Restructure gives Adcock profit a boost
Pharmaceutical group increases overall revenue 7%
Pharmaceutical group Adcock Ingram has managed to turn its rest of Africa operations profitable, contributing to a tripling of after-tax profit in the year to end-June.
Adcock Ingram grew overall revenue by 7% to R5.96bn and after-tax profit was up 213% to R561m in the year to end-June.
The group declared a final dividend of 76c, taking its total for the year to R1.39, a 34% increase on the prior year’s R1.04.
Over-the-counter (OTC) medicines are Adcock Ingram’s second-biggest contributor to revenue but biggest contributor profit. Its OTC division grew revenue by 11% to R1.8bn, contributing 31% of group revenue.
It was only three years ago that a leadership team was grappling with crucial legacy matters
Adcock Ingram says the process of re-engineering its business has borne fruit and allowed it to claw back profit in a tough operating environment.
The pharmaceutical company said on Friday the shake-up of the leadership team had also restored its trusted reputation in SA.
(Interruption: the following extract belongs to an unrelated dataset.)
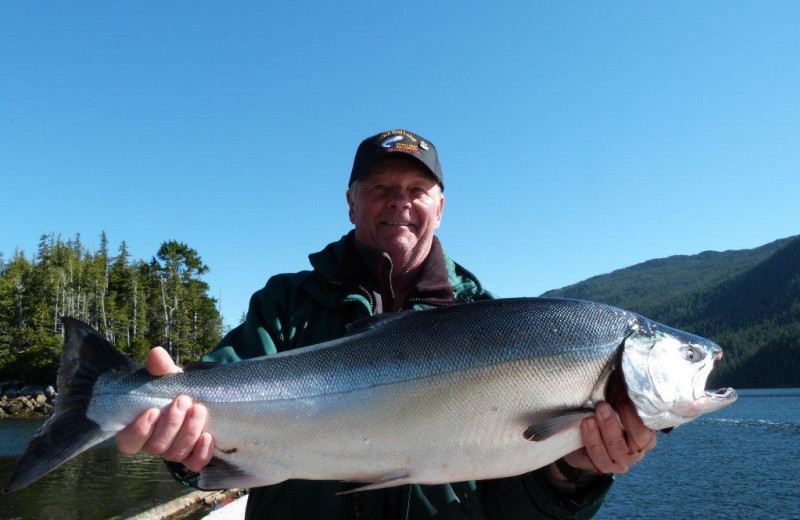 Fishing at Black Gold Lodge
A new management was installed by Bidvest in 2014 after the group acquired a majority interest in the firm.
Bidvest’s share is about 37.5%, followed by the Public Investment Corporation with 22% and empowerment partner Ad-Izinyosi with 14.7%.
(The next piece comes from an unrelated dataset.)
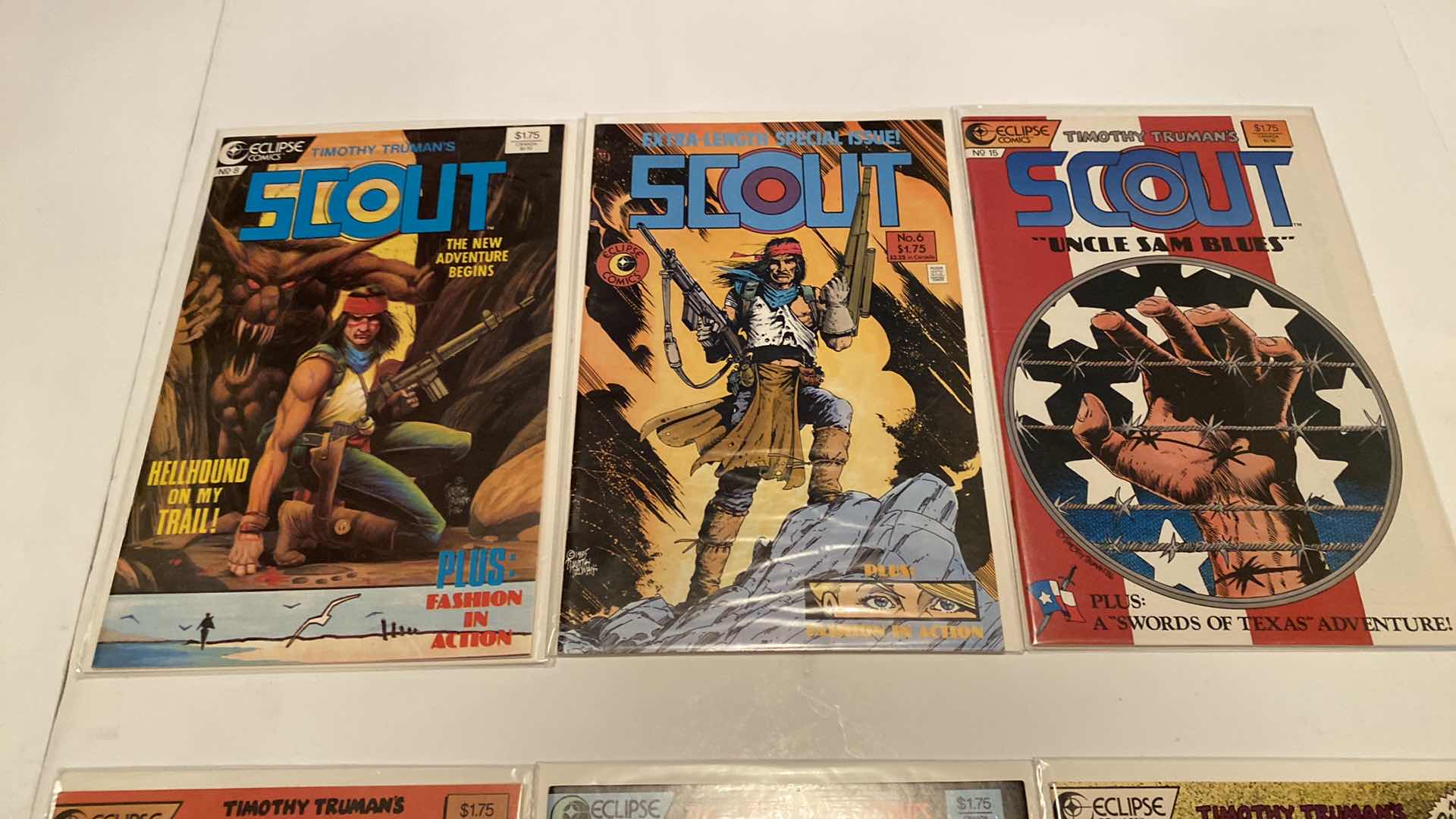 Photo 3 of 9-ECLIPSE SCOUT COMICS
“It was only three years ago that a newly constituted leadership team at Adcock Ingram was grappling with crucial legacy matters,” said CEO Andrew Hall.
“Adcock’s business has been competently re-engineered, not only in its progressing profitability, but again, the group enjoys the respect of its national customer base.”
Adcock Ingram grew overall revenue 7% to R5.96bn and aftertax profit was up 213%, at R561m in the year to end-June.
Kagiso Asset Management associate portfolio manager Aslam Dalvi said Adcock’s management had executed well across several areas and had delivered a good result in a very challenging environment.
“Overall profit growth in this period was supported by very strong cost control, good pricing and the benefit of a stronger currency in the second half of the year which supported gross margin expansion,” said Dalvi.
“While we expect the operating environment to remain challenging, the increased focus on product innovation, higher investment in sales and a disciplined focus on costs should all support medium-term earnings growth,” he said.
Over-the-counter (OTC) medicines are Adcock Ingram’s second-biggest contributor to revenue, but the biggest contributor to profit.
Its OTC division grew revenue 11%, to R1.8bn, contributing 31% of group revenue, while trading profit grew 10%, to R342m, contributing 47% of the group’s total.
The group’s operations in Zimbabwe and Kenya swung to a profit in the period under review. Adcock said this was partly due to the OTC division’s takeover of management responsibility in Kenya “to exercise better control over operations in that region”.
The two operations collectively reported a trading profit of R2.7m from a trading loss of R3.5m for the corresponding period a year earlier.
Adock said its new financial year would be fraught with challenges such as low economic growth, currency volatility, global instability and political uncertainty. However, it said its strategy would remain the same. “The strategy of the group remains the pursuit of additional sector opportunities, by acquisition or partnership ... preferably without the immediate need for material capital expenditure and infrastructure,” Adcock said.
The group declared a final dividend of 76c, taking its total for the year to R1.39, a 34% increase on the prior year’s R1.04. In the year to date, the share price is up 34.8%.